There is another, crucial difference, they find: "Women are willing to ask stupid questions. We want to understand. We won't take risks we don't understand, so we ask: what is sub-prime? Who'll pay these loans back?"

The power of three

But if there are just one or two women on a company board, as there often are nowadays, they will not ask those "stupid" questions.

"That is why tokenism is no help. You need true diversity. When someone is a token presence, they have two choices: marginalising themselves, or belonging. Most women choose to belong, to be accepted. To really be themselves is much more difficult."

Icelanders demanded the resignation of their government after their banks collapsed

So how do you get round this?

"Three is a critical number. If there are three women, things work out much better."

Do we need quotas, like the 40% in Norway?

"I used to be against it, but am now leaning towards it. It would do the world a whole lot of good to have a better balance."
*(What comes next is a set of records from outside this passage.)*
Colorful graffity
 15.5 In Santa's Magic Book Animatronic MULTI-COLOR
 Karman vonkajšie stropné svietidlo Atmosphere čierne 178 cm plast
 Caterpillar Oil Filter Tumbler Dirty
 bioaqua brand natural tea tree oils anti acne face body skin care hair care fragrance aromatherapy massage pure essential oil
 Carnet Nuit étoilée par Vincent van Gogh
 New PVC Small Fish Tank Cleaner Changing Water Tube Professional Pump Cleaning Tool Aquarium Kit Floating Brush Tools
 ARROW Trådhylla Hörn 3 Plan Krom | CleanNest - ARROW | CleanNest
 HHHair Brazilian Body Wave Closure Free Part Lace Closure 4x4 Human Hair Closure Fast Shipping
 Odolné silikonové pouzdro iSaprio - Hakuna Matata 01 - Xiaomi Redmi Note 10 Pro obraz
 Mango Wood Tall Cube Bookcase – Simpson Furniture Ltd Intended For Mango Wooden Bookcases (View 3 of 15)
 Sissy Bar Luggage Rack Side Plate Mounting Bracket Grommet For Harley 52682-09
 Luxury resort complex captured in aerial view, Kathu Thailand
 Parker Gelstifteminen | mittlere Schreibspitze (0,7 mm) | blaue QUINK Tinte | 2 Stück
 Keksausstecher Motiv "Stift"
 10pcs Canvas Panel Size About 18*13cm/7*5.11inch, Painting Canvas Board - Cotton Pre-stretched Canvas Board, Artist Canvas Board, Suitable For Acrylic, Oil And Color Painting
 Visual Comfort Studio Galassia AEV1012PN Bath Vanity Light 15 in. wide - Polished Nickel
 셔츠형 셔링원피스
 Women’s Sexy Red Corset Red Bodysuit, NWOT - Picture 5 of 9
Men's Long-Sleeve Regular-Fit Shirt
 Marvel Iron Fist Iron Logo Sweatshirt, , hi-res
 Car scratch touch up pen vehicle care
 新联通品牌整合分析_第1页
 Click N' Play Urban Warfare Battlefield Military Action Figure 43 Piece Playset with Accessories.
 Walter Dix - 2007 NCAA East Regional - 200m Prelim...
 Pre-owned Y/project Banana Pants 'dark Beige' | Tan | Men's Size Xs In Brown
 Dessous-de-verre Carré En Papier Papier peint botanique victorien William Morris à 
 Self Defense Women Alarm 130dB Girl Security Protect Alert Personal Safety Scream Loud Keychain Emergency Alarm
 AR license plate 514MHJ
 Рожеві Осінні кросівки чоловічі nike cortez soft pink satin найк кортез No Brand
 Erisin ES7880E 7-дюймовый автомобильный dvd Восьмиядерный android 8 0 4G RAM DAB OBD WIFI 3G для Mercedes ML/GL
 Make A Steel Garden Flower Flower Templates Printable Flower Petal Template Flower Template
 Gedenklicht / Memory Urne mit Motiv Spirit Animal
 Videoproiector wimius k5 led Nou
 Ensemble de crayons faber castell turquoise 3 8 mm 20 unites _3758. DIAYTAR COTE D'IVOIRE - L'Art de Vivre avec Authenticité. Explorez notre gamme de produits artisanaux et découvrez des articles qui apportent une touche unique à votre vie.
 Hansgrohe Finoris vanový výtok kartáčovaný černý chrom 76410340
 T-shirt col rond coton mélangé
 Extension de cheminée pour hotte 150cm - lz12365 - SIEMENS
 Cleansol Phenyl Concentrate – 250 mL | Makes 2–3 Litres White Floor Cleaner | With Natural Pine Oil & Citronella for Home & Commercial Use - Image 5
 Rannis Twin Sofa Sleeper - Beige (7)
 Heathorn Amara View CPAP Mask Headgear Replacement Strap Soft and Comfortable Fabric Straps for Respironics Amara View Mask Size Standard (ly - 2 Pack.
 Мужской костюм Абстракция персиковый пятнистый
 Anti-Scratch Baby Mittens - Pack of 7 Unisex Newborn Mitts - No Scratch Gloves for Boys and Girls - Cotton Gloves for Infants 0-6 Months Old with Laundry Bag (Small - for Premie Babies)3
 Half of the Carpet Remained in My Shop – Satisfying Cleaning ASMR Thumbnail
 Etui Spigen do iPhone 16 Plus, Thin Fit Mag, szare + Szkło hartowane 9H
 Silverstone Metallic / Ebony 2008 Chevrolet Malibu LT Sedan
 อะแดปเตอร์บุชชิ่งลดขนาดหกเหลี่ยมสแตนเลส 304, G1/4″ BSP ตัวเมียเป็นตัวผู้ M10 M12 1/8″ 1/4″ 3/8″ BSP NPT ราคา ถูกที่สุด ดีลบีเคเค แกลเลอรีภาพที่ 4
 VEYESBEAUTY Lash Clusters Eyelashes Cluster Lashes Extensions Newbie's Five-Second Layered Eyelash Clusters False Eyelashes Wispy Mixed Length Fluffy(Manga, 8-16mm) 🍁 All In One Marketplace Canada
But it is not as easy as that, as she admits: "The problem you sometimes get, like with affirmative action in the US, is people get around it. The board may have the right balance, but the actual board meeting is in the steam room or on a golf course. And that is not a good thing. "

Emotional due diligence

Being risk-aware, asking the right questions, why else do they think it matters to have a gender balance at the top?

"You do need people that put ethics and corporate governance high on the agenda. I have learnt through years in personnel management that women tend to put these values higher on the agenda. They're also interested in a wider definition of what's a good return. "

Moreover, they say, as women "we are willing to use our rational mind and our emotional intelligence to release value out of our investments. The touchy-feely side is actually the harder side. We reject a lot more investment opportunities as a result of emotional due diligence than financial due diligence."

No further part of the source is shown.